Materials provided:
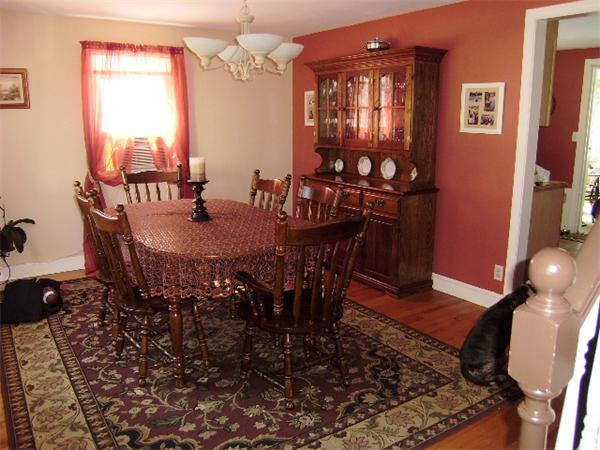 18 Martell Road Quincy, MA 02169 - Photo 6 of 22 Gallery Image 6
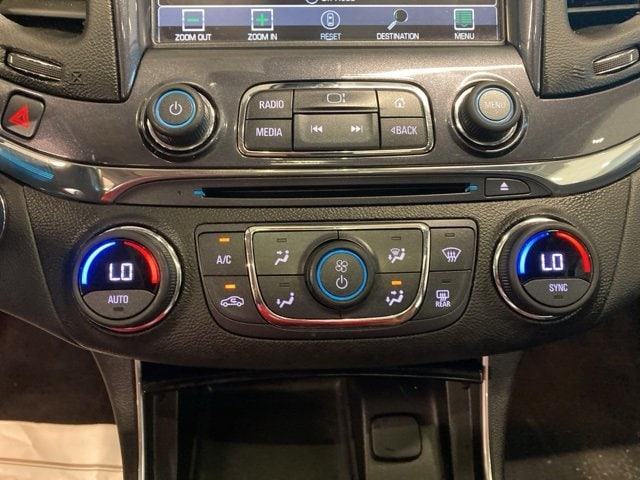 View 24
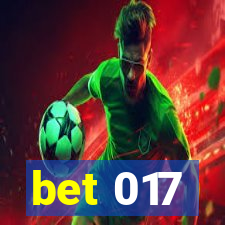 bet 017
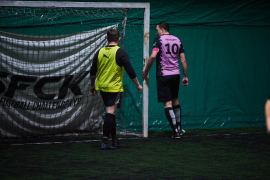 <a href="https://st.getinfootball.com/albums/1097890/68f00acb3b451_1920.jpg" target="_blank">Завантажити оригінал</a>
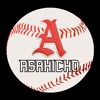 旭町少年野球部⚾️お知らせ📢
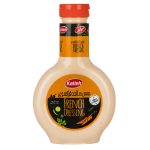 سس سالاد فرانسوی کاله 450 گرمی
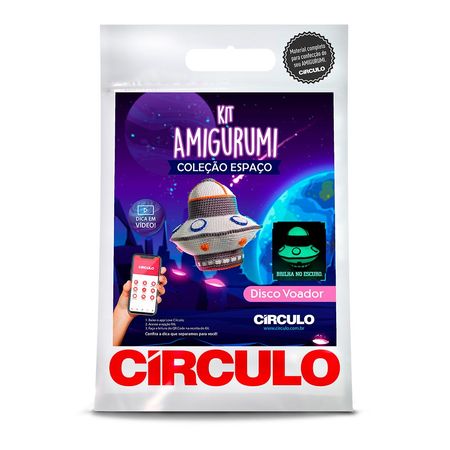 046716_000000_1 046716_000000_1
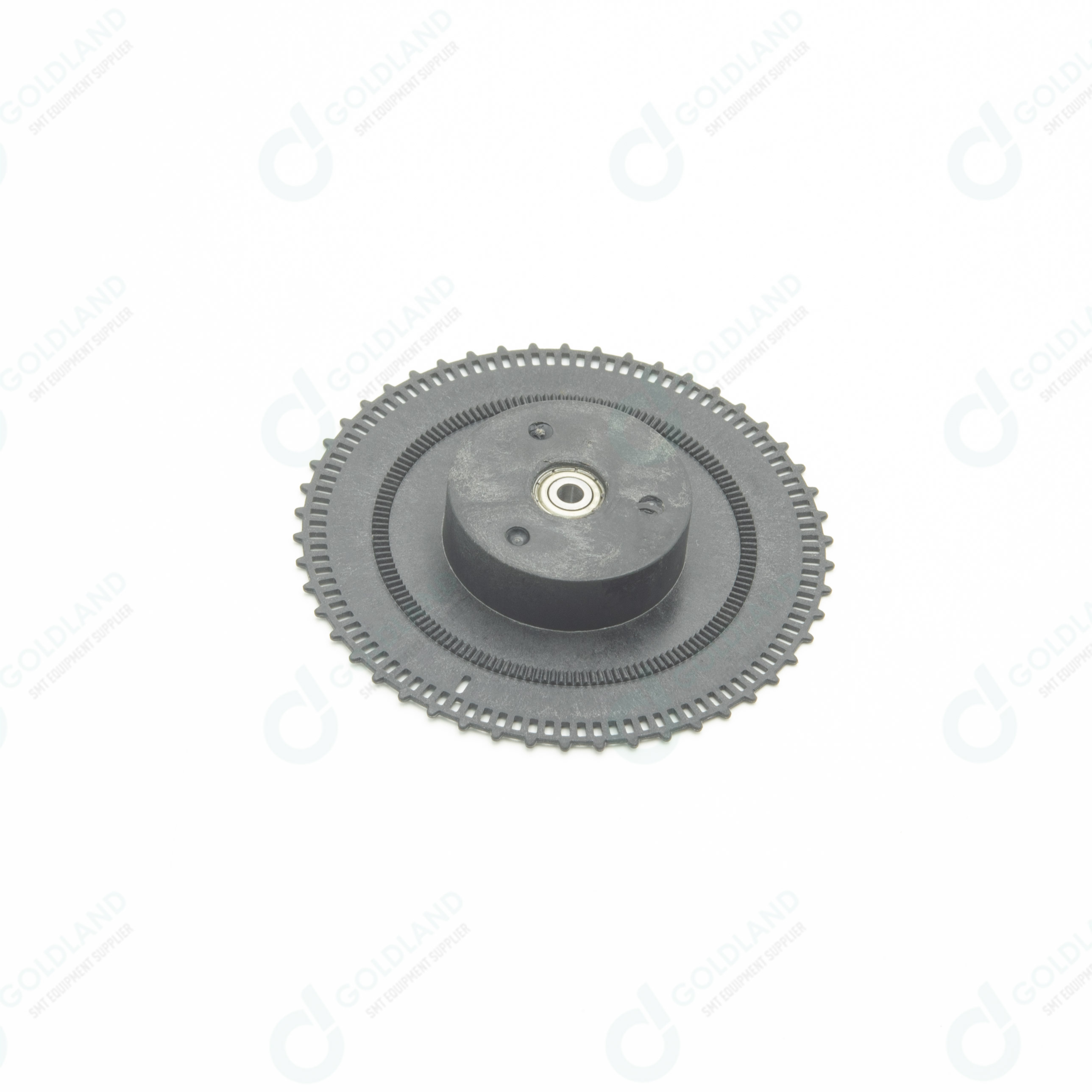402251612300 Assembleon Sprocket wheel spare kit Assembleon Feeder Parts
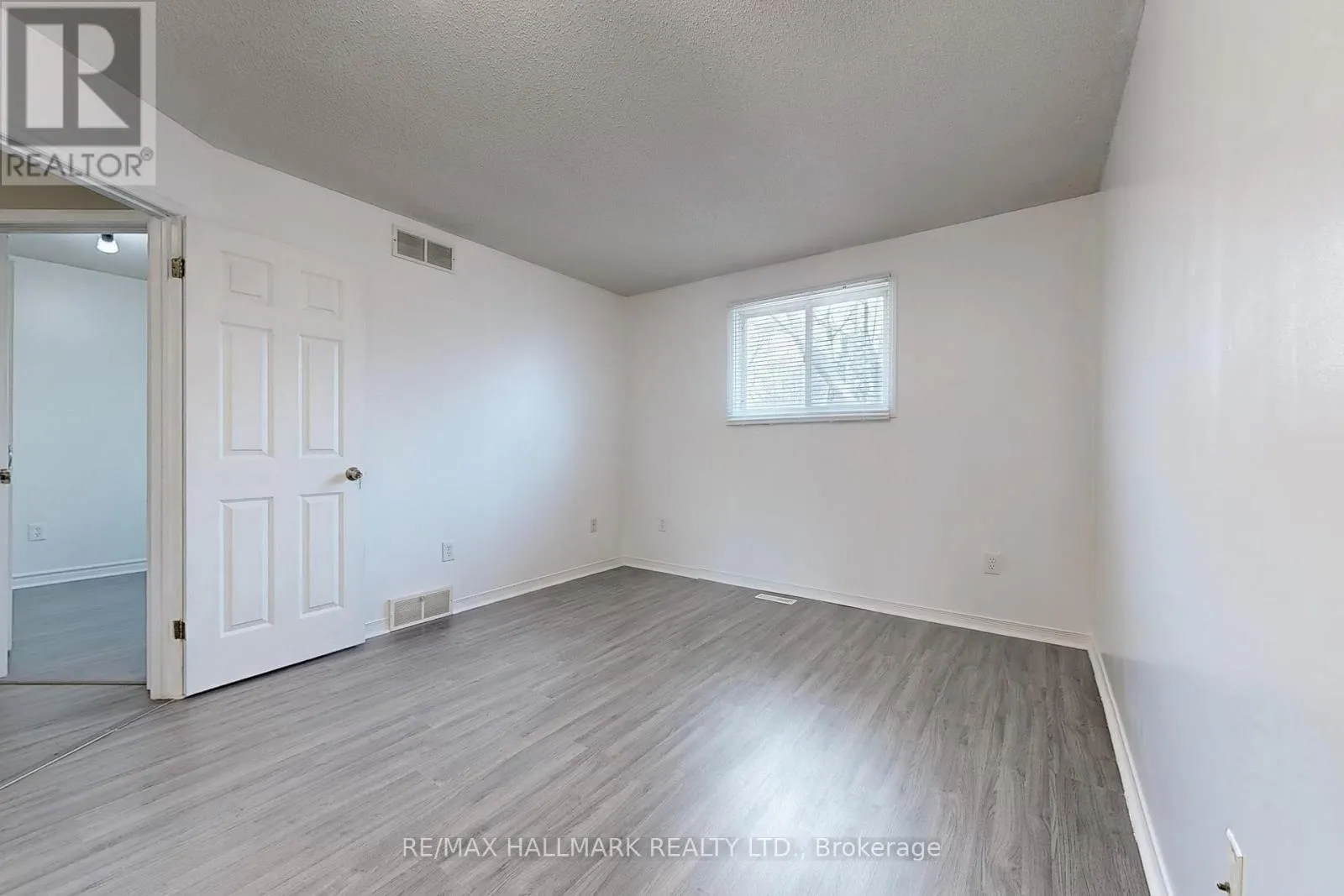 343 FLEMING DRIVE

...

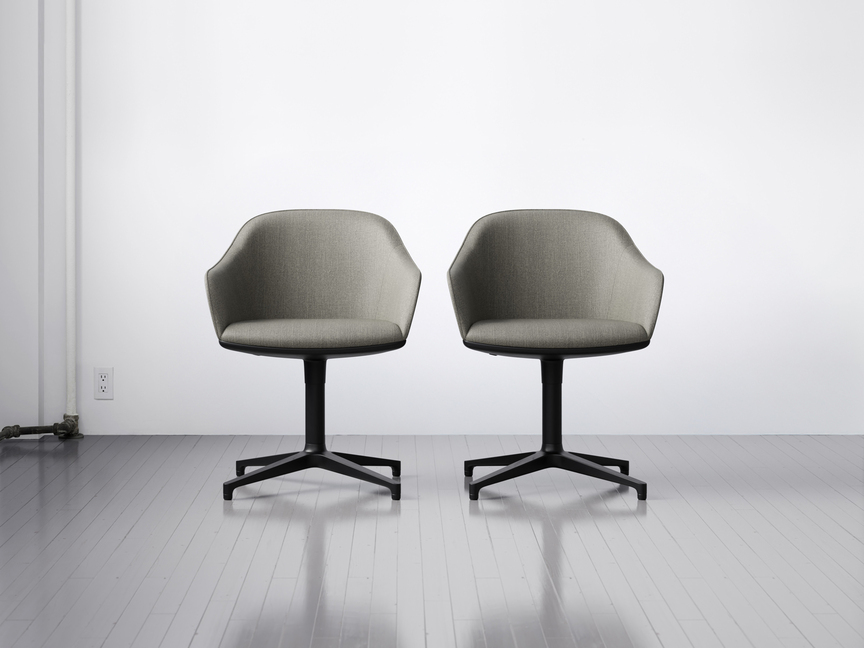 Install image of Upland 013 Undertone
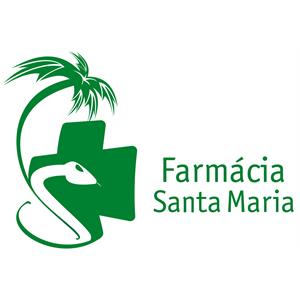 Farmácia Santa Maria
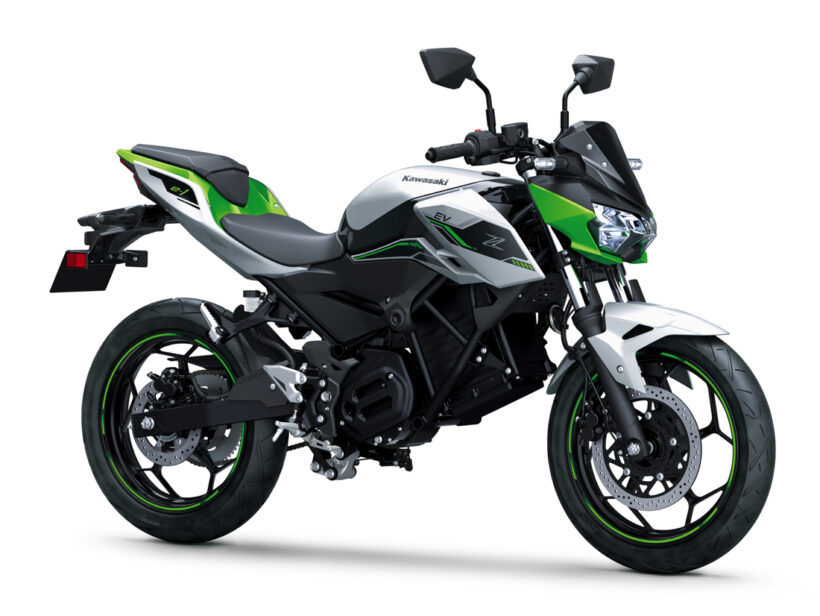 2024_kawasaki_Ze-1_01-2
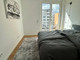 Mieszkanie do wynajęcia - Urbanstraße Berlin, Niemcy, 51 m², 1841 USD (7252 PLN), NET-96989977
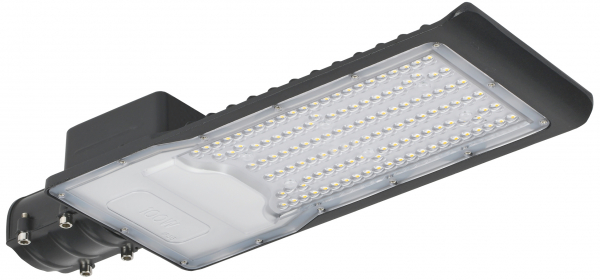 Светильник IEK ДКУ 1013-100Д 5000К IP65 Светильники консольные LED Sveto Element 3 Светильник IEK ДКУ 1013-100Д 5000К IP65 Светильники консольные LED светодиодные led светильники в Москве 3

--

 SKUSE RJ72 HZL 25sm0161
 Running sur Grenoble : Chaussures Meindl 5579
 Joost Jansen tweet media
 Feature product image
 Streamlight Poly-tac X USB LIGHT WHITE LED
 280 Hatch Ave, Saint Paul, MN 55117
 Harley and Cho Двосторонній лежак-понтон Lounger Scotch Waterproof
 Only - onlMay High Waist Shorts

Work instruction:
Copy word for word the span of the records above that begins at the line with "18 Martell Road" and ends at the line with "046716_000000_1 046716_000000_1", including those two lines but not the pictures.

Result for this task:
 18 Martell Road Quincy, MA 02169 - Photo 6 of 22 Gallery Image 6
 View 24
 bet 017
 <a href="https://st.getinfootball.com/albums/1097890/68f00acb3b451_1920.jpg" target="_blank">Завантажити оригінал</a>
 旭町少年野球部⚾️お知らせ📢
 سس سالاد فرانسوی کاله 450 گرمی
 046716_000000_1 046716_000000_1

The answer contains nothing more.